Manifesto for the Abolition of International Apartheid

Today I discovered and now wholly endorse the Manifesto for the Abolition of International Apartheid written in 1997 by Yves Bonnardel and David Olivier. A plain copy without intrusive Lycos France ads is here. Read it.

More forthcoming and previous in my apartheid category.

Update 20120126: Replaced the first link above with the manifesto’s current site; http://membres.lycos.fr/maai/ and wayback archive of same missing full document.

16 Responses

  1. Including the bit about “social [i.e. political] benefits”?

  2. Yes. It says nothing about the level of political benefits. It is compatible with zero.

  3. […] And add the excellent Manifesto for the Abolition of International Apartheid to your network. […]

  4. Framing apartheid

    Dev Purkayastha, riffing on two of my recent posts, writes:
    [Close-the-borders-protect-the-jawbs] is clearly winning out over intellectualized arguments by economists. I’ve mulling a strong counter-message that has more of an intuitive and emot…

  5. […] The comments on these posts are full of idiots, but the estimable Chris Rasch works in one of my favorite links — the Manifesto for the Abolition of International Apartheid. […]

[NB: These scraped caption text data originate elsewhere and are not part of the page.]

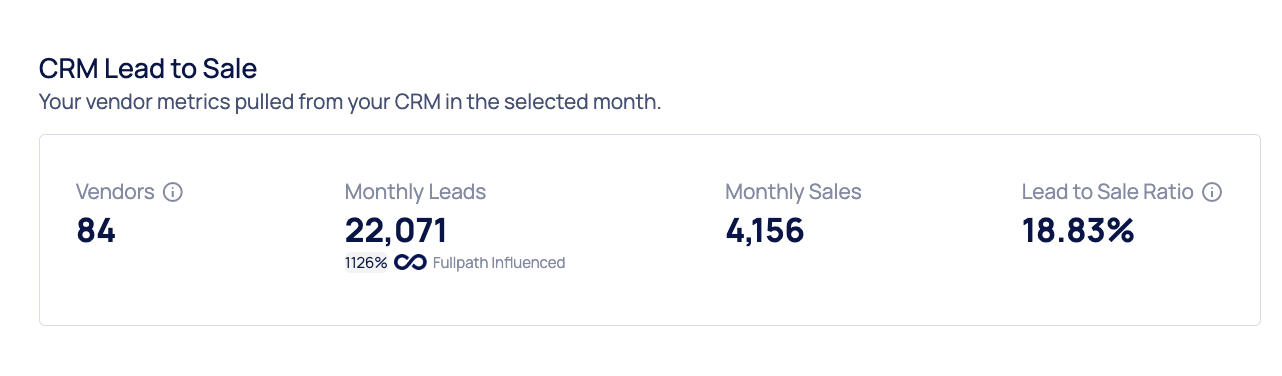 Screenshot 2025-06-22 at 5.59.11 PM.png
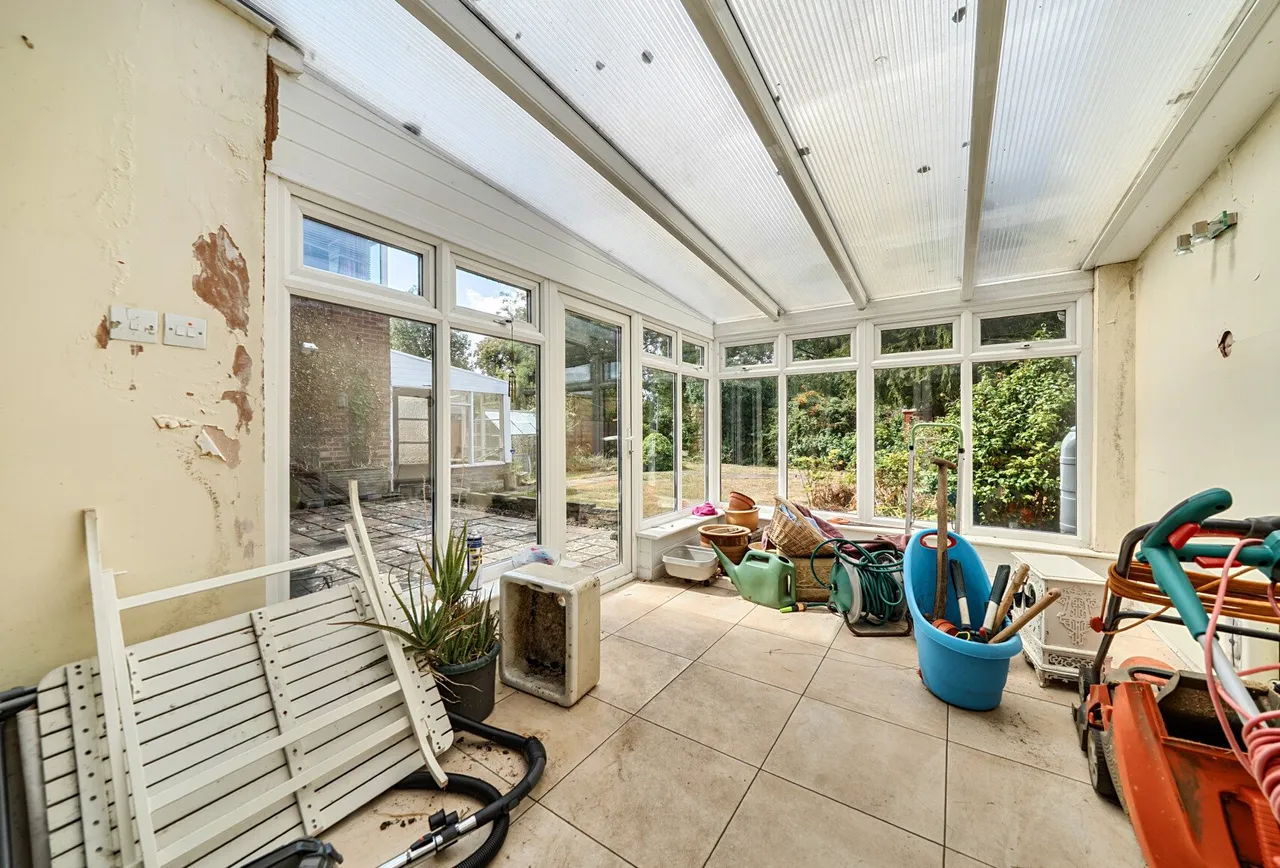 Hawkfield Road, Bristol, BS13 0BH, photo 14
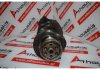 Vilebrequin 7450241, 814027 pour FIAT 814027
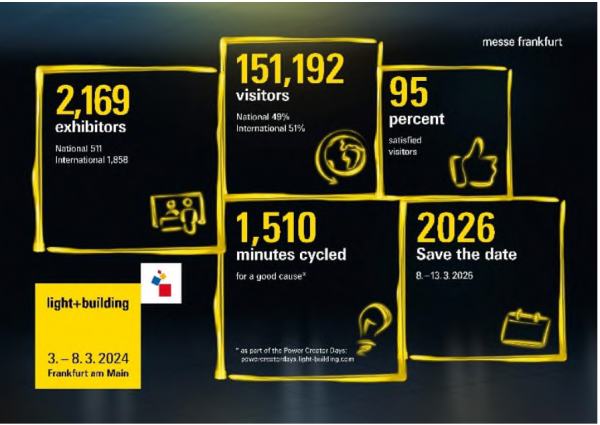 Screenshot 2024-03-08 at 8.58.54 AM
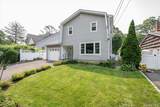 21 Vause Street - Photo 2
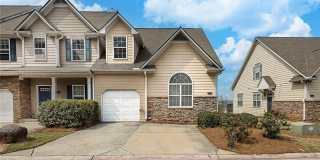 374 Guibor Court Gallery 1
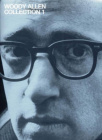 Woody Allen Collection 1 (6 dvd's)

  6. […] I’ll go further and suggest the letter that people ought to be signing on with is the Manifesto for the Abolition of International Apartheid. […]

  7. […] Which should be enough to win over any modern human (non-neanderthal) to open borders. The ethical argument for open borders is even better. Policymakers must take account of the many voters who disagree with Legrain, even if this is based on ignorance and prejudice. It is surely better to admit 500,000 immigrants annually and have social peace than 1m and riots. […]

  8. […] Read the whole thing. I link to it because it is a fine essay, but also because it ends with a link to the most excellent Manifesto of the Abolition of International Apartheid, which now has its own domain (and at this point, a mediocre website). The first of many times I have and will promote the Manifesto. […]

  9. […] mobility with no artificial restraints — abolish international apartheid. Surely Google can take a stronger stand than mine owners in South Africa did a century […]

  10. John says:

    I agree that all borders should be open. However all governments would have to eliminate all social/welfare programs to prevent the bankruptcy of the state or country.

  11. Bruce says:

    I agree with John. 2011-10-13 A good way to start is to get rid of the social/welfare programs now and its related taxation. Take away the incentive to leave but leave the incentive to better your position through work, contribution and mutual cooperation (non govt imposed cooperation). Our back is broke now without more coming in. Get rid of the ‘tax others for me’ mentality and lets get to it.

  12. […] write about such eventually, but it’d be on the margin. And international apartheid is an abomination that should be eliminated immediately regardless of the long-term substitutability of development […]

  13. […] like to abolish the “crime of illegal immigration”, but it should, indeed all should be totally opposed to apartheid, which is precisely what restrictions on movement, working, and residence […]

  14. […] I hope to soon read and review the rest of Curtotti’s papers, and everything on abolishforeignness.org. As noted a few months ago, I also want to read and review all of openborders.info. It appears these two group sites come from different perspectives: Open Borders, libertarian/negative rights/economics; Abolish Foreignness, progressive/positive rights/humanitarian. That’s good: all sorts of arguments are needed to abolish the monster of international apartheid. […]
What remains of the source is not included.